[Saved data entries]
= = = = = = =

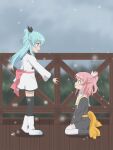  2girls absurdres blue_eyes blue_hair blurry blurry_background blush boots bow carol_(sora_no_method) dress full_body green_eyes hair_bow hair_bun hair_ornament highres jacket kneeling long_hair long_sleeves looking_at_another medium_hair multiple_girls noel_(sora_no_method) obi open_mouth pink_hair ponytail railing reaching reaching_towards_another ribbon sailor_collar sash school_uniform serafuku sidelocks single_hair_bun sitting smile snow snowing sora_no_method standing thighhighs tree two_side_up user_ekwp8358 wariza wide_sleeves yellow_eyes zettai_ryouiki 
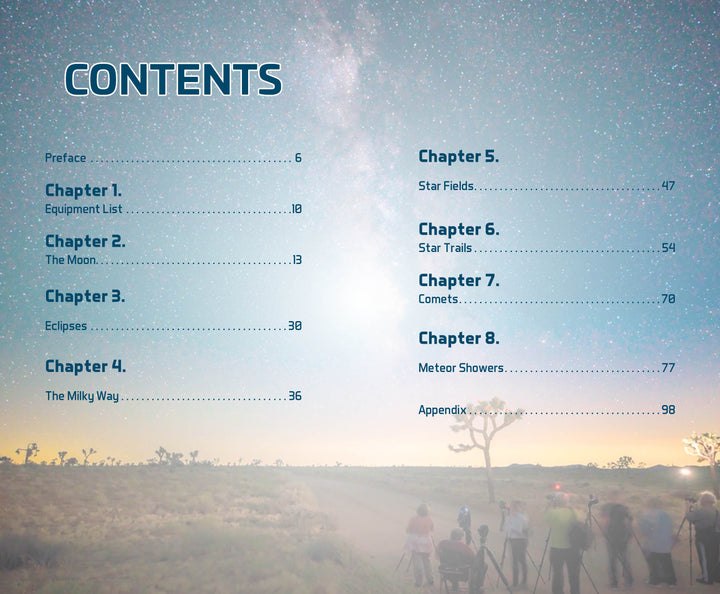 The table of contents for Easy Astrophotography by Schiffer Publishing, Ltd. features a starry night sky with people using telescopes, covering topics like equipment, astrophotography, the Moon, eclipses, Milky Way, comets, and meteor showers.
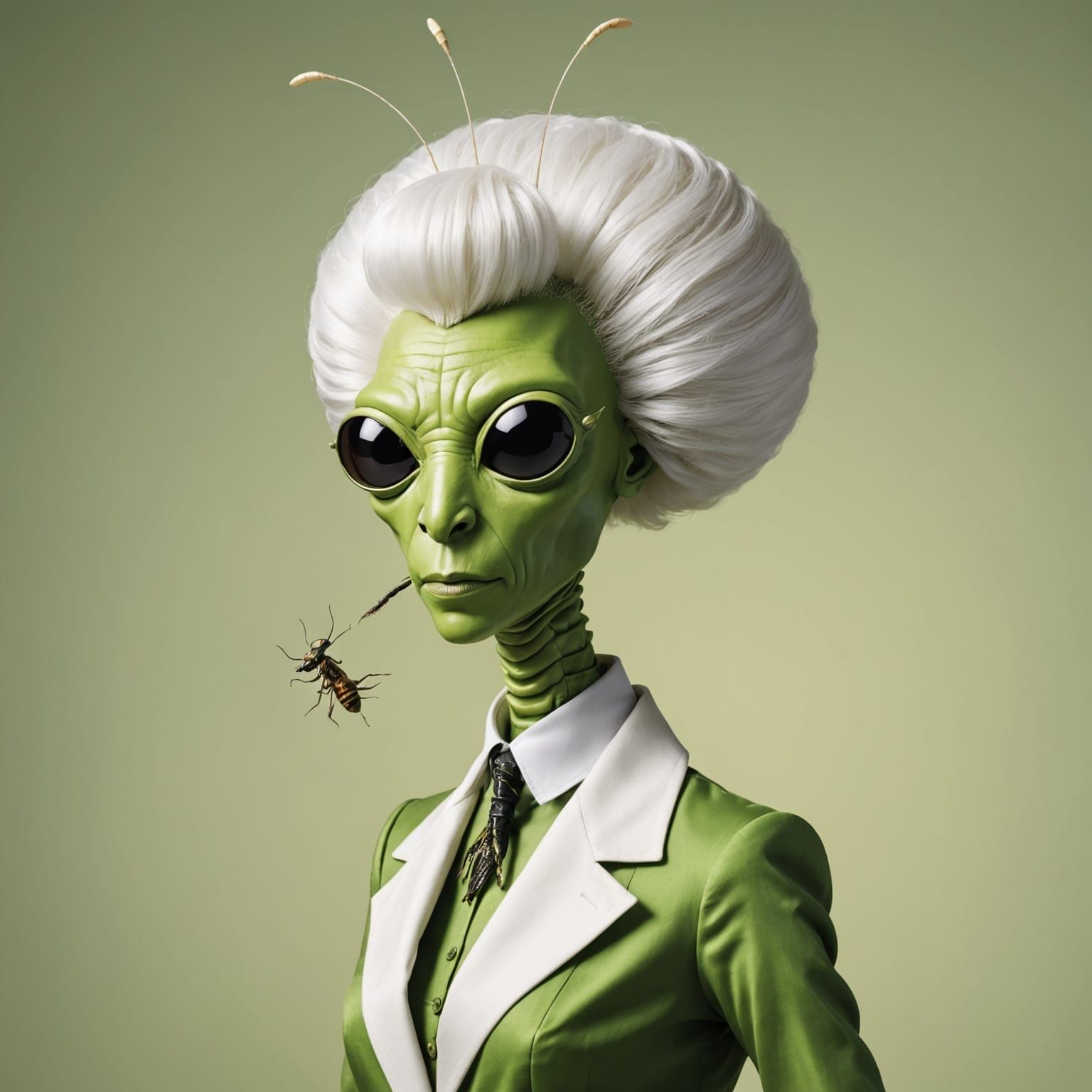 Anthropomorphic Mantis with 50's Beehive Wig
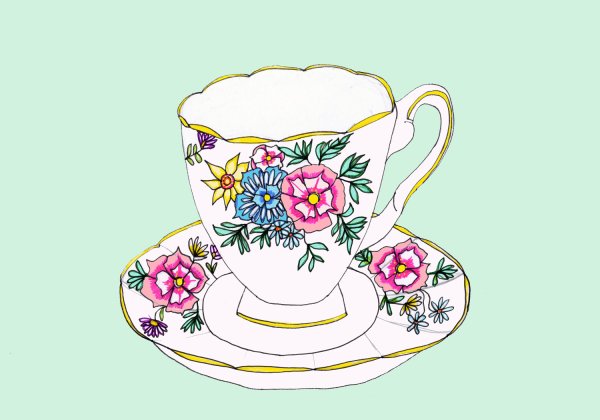 Кружка с блюдцем рисование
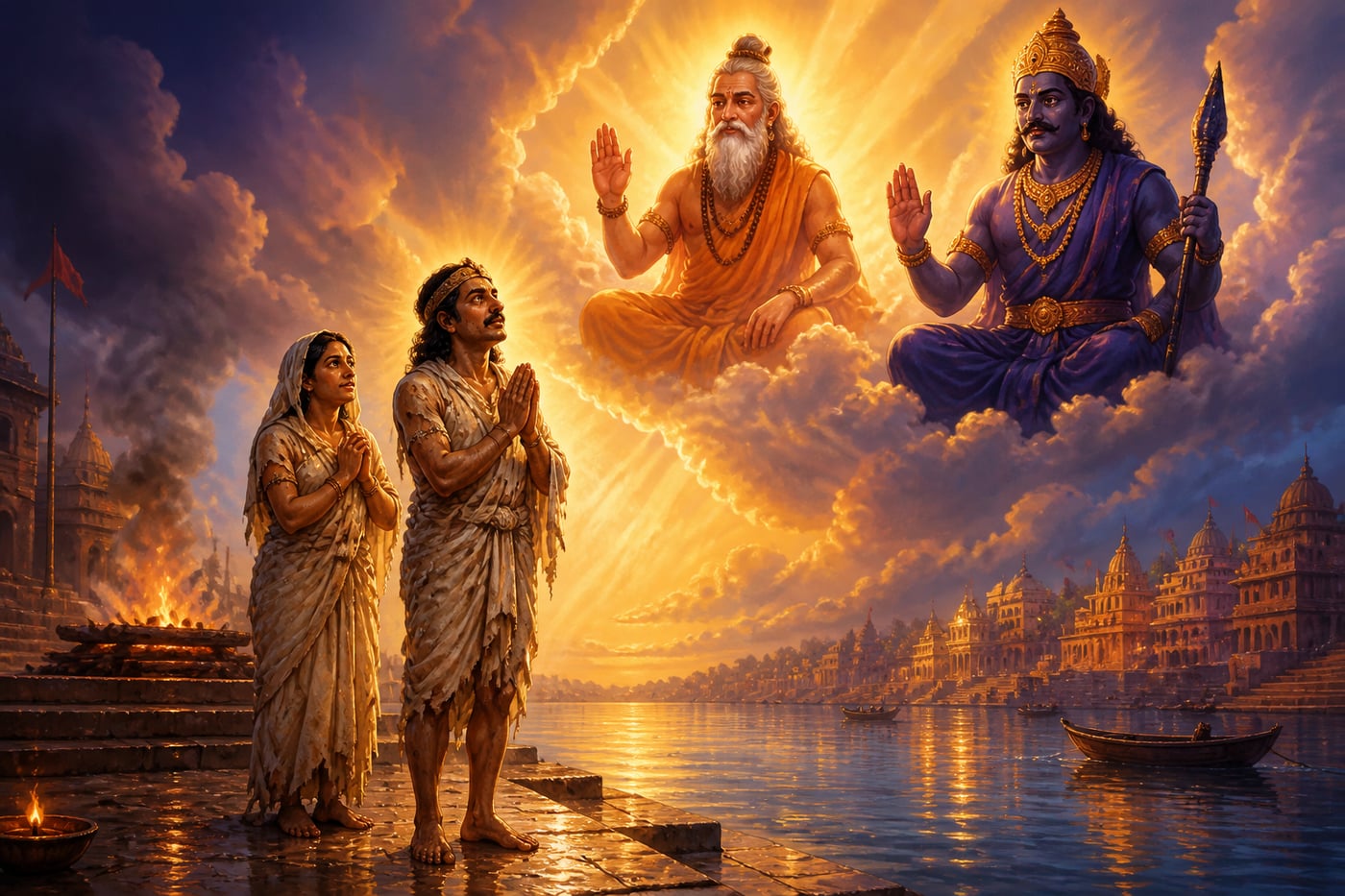 Vishvamitra and Yama appearing in blessing before Harishchandra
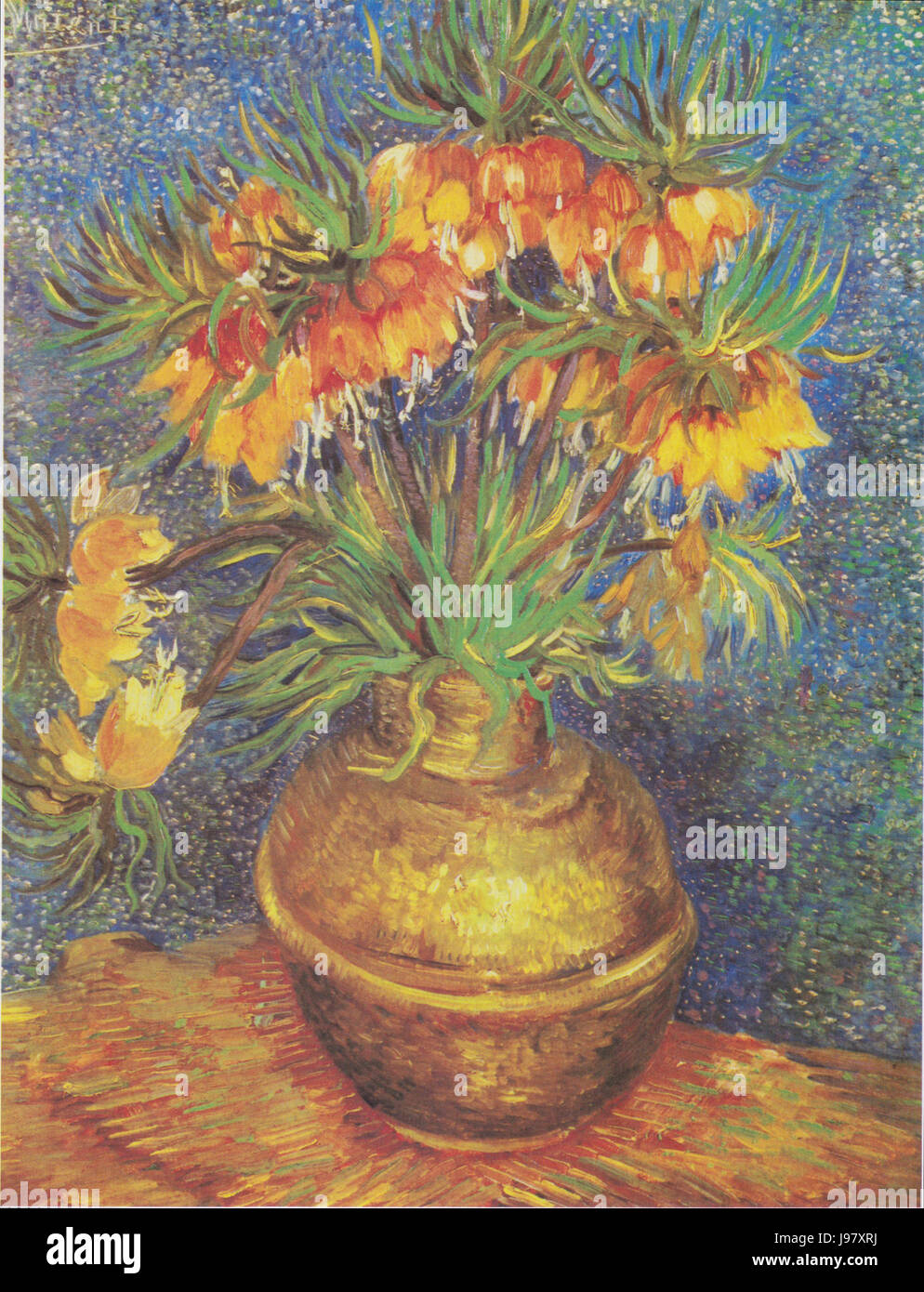 Questa opera d'arte, 'Kaiserkronen in einer Kupfervase' di Van Gogh, raffigura un bouquet di Kaiserkronen (corona imperiale) in un vaso di rame. Mostra lo stile distintivo di Van Gogh nei dipinti floreali di natura morta. Foto Stock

= = = = = = =

### Work instruction
Find the line containing "The table of" in the records above, then copy it and every line after it exactly, through the last one, without any pictures.

### Task solution
 The table of contents for Easy Astrophotography by Schiffer Publishing, Ltd. features a starry night sky with people using telescopes, covering topics like equipment, astrophotography, the Moon, eclipses, Milky Way, comets, and meteor showers.
 Anthropomorphic Mantis with 50's Beehive Wig
 Кружка с блюдцем рисование
 Vishvamitra and Yama appearing in blessing before Harishchandra
 Questa opera d'arte, 'Kaiserkronen in einer Kupfervase' di Van Gogh, raffigura un bouquet di Kaiserkronen (corona imperiale) in un vaso di rame. Mostra lo stile distintivo di Van Gogh nei dipinti floreali di natura morta. Foto Stock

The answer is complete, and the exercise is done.